++++ DATASET ++++
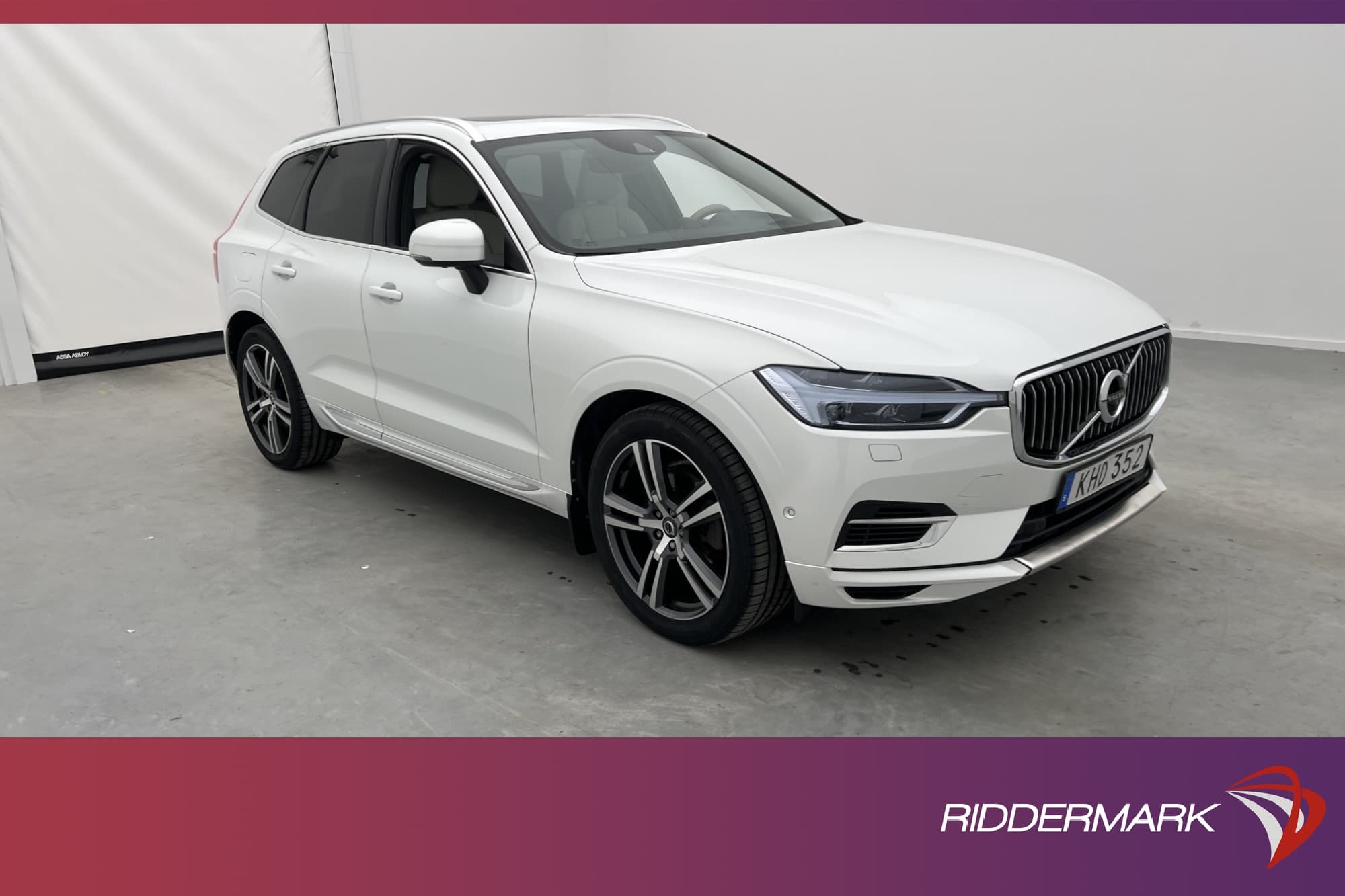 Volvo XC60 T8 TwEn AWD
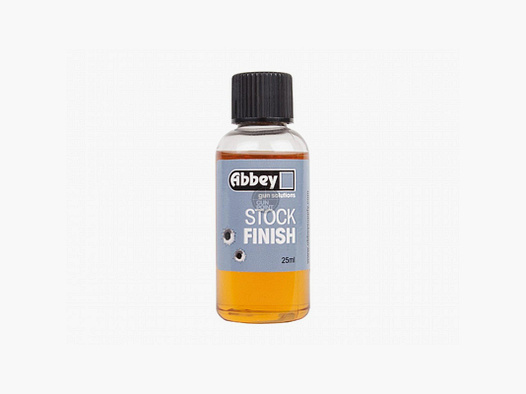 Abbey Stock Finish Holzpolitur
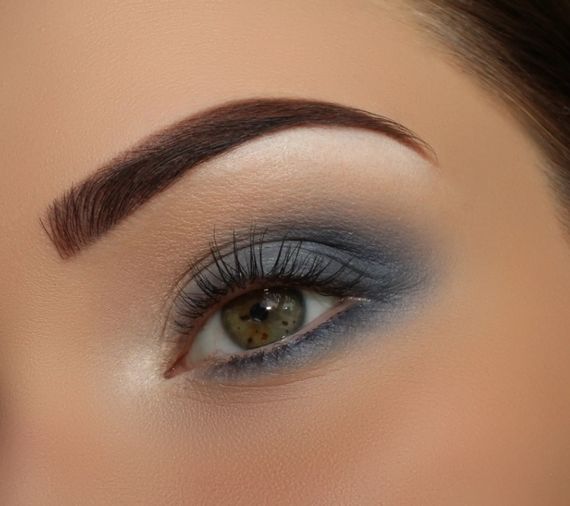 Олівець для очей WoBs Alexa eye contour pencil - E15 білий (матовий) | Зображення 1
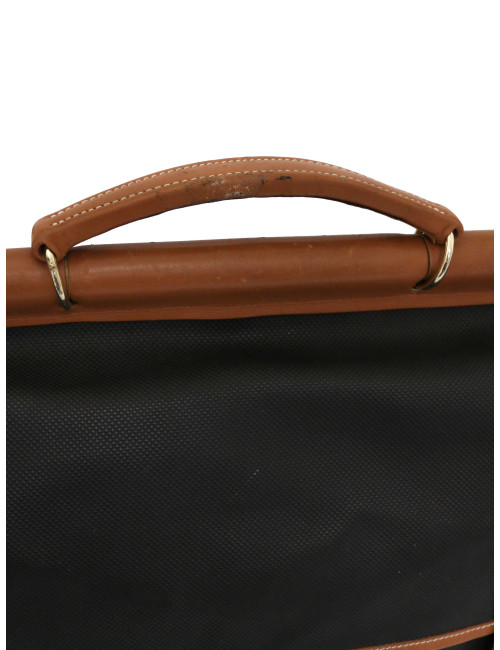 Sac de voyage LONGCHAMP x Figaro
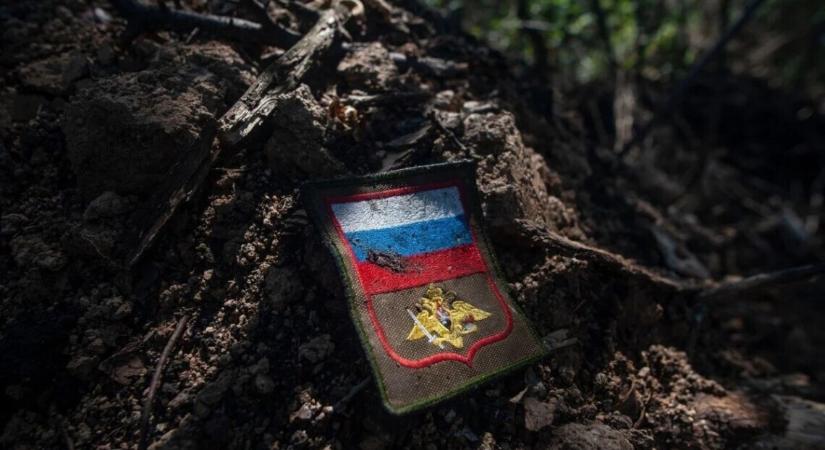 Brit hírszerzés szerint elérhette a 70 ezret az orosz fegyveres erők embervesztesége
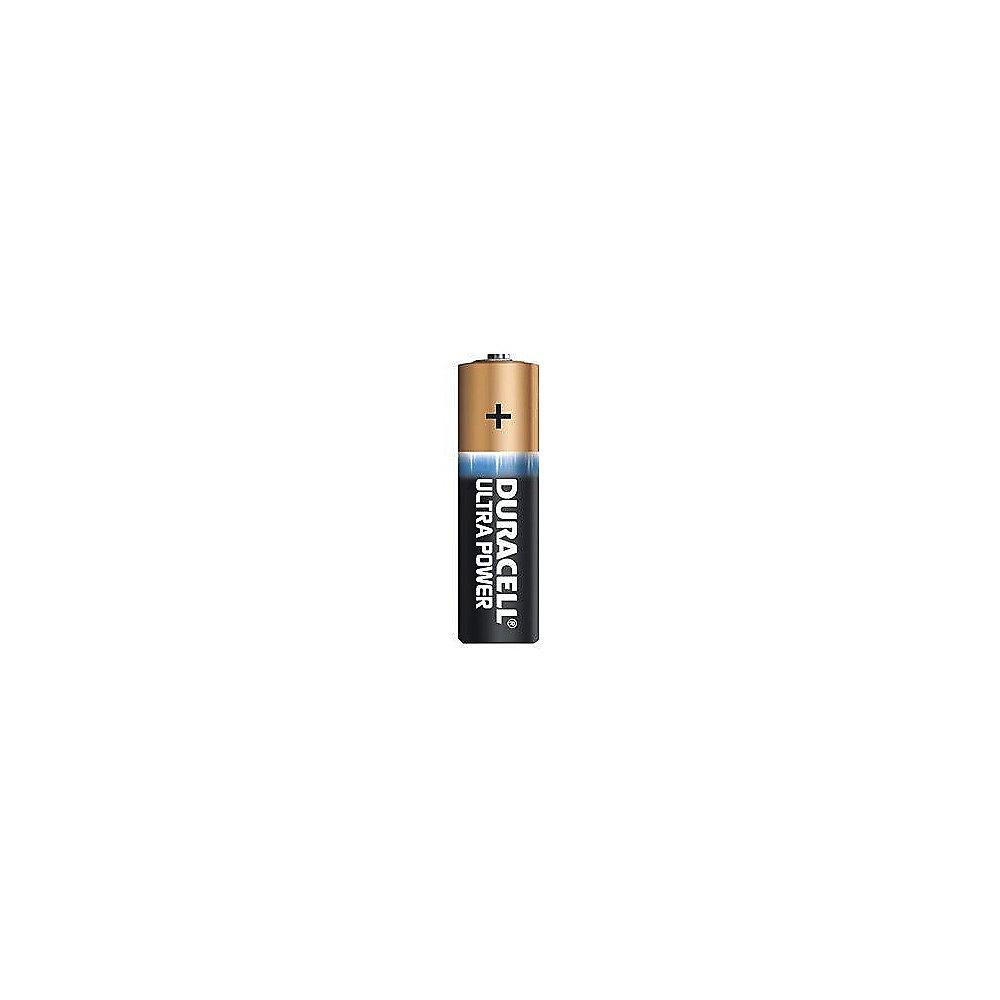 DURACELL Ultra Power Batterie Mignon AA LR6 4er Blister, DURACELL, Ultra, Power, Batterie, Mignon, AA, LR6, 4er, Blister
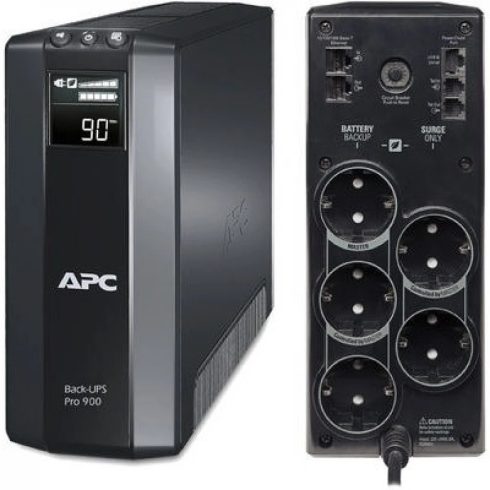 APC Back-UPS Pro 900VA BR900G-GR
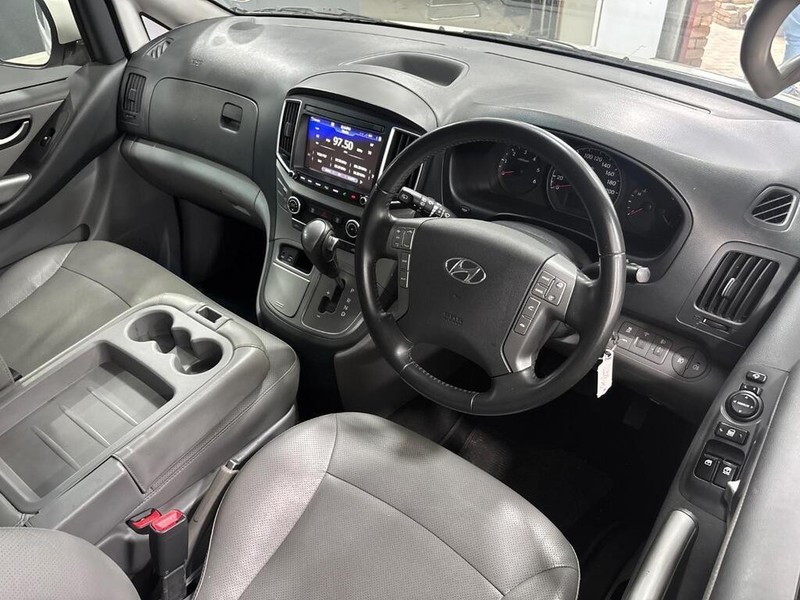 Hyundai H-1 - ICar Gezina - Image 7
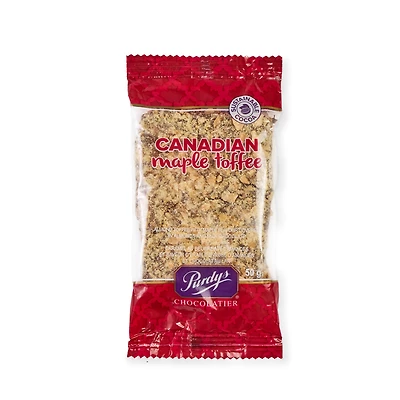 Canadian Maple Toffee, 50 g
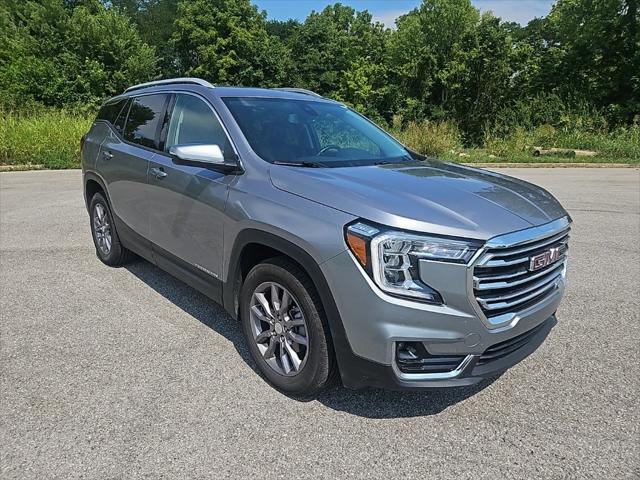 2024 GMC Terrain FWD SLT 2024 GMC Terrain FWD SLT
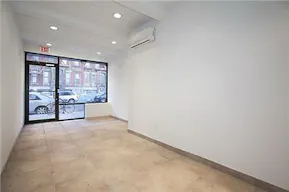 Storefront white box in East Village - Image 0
++++
## [EXERCISE DIRECTIONS]
Produce the data again character for character, with the images left out.

## [REPLY]
 Volvo XC60 T8 TwEn AWD
 Abbey Stock Finish Holzpolitur
 Олівець для очей WoBs Alexa eye contour pencil - E15 білий (матовий) | Зображення 1
 Sac de voyage LONGCHAMP x Figaro
 Brit hírszerzés szerint elérhette a 70 ezret az orosz fegyveres erők embervesztesége
 DURACELL Ultra Power Batterie Mignon AA LR6 4er Blister, DURACELL, Ultra, Power, Batterie, Mignon, AA, LR6, 4er, Blister
 APC Back-UPS Pro 900VA BR900G-GR
 Hyundai H-1 - ICar Gezina - Image 7
 Canadian Maple Toffee, 50 g
 2024 GMC Terrain FWD SLT 2024 GMC Terrain FWD SLT
 Storefront white box in East Village - Image 0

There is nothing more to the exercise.